• Problem statement: With the material below, print exactly the lines between the line holding "SAINT LAURENT PARIS" and the line holding "InLine Kaltgeräte Verlängerungskabel", inclusive. Add nothing else.

• The data:
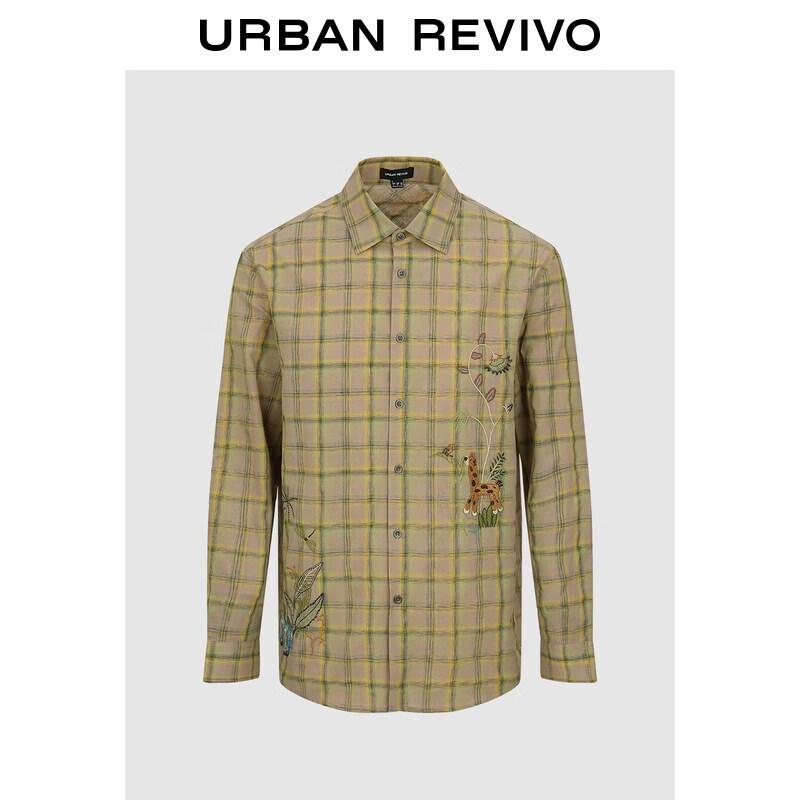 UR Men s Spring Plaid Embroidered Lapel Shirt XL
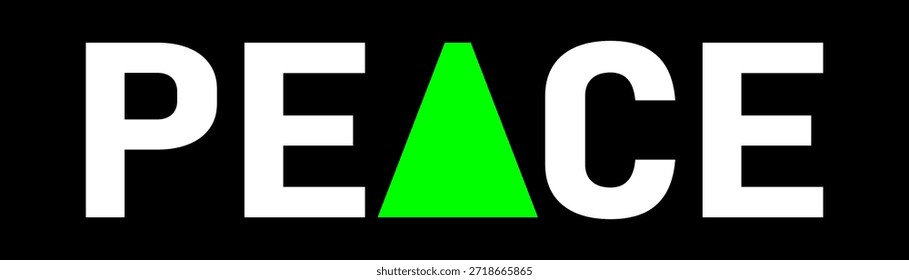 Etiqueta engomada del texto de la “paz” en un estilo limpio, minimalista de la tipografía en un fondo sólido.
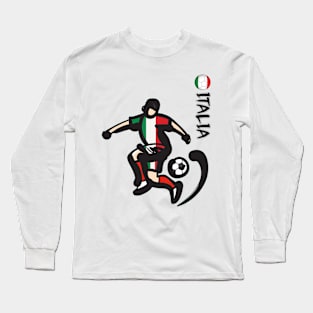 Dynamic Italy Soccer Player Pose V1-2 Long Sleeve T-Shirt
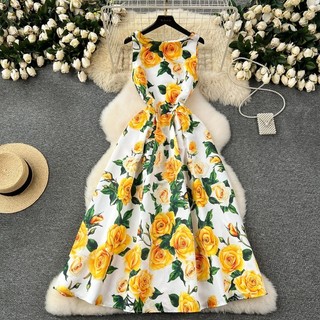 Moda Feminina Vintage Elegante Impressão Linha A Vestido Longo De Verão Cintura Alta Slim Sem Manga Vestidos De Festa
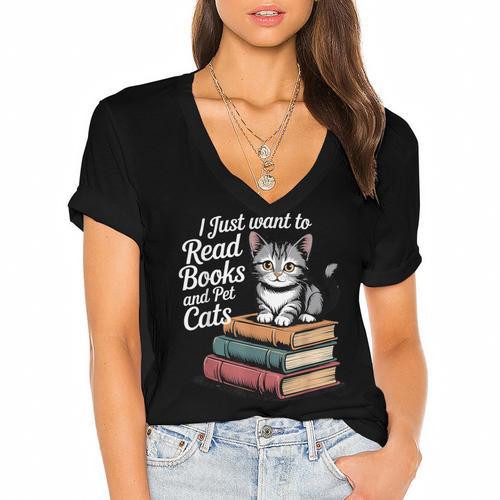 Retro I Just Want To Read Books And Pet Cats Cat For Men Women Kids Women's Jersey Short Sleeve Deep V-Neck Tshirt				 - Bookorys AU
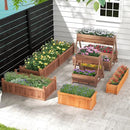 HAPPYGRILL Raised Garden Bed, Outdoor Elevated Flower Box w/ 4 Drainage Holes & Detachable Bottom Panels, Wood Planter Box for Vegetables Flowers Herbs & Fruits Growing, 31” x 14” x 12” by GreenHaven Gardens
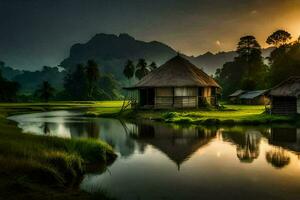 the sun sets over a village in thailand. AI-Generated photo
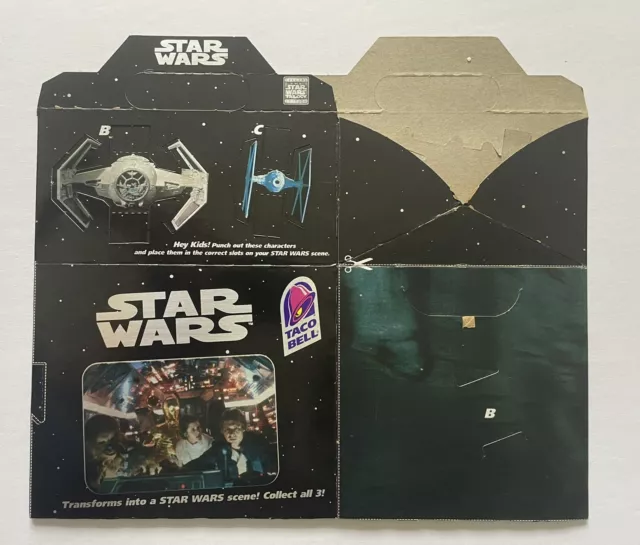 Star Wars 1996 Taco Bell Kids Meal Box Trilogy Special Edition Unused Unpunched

==

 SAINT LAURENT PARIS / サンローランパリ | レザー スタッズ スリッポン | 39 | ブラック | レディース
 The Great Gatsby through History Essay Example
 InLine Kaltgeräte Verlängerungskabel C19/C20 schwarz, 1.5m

• Answer space:
 SAINT LAURENT PARIS / サンローランパリ | レザー スタッズ スリッポン | 39 | ブラック | レディース
 The Great Gatsby through History Essay Example
 InLine Kaltgeräte Verlängerungskabel C19/C20 schwarz, 1.5m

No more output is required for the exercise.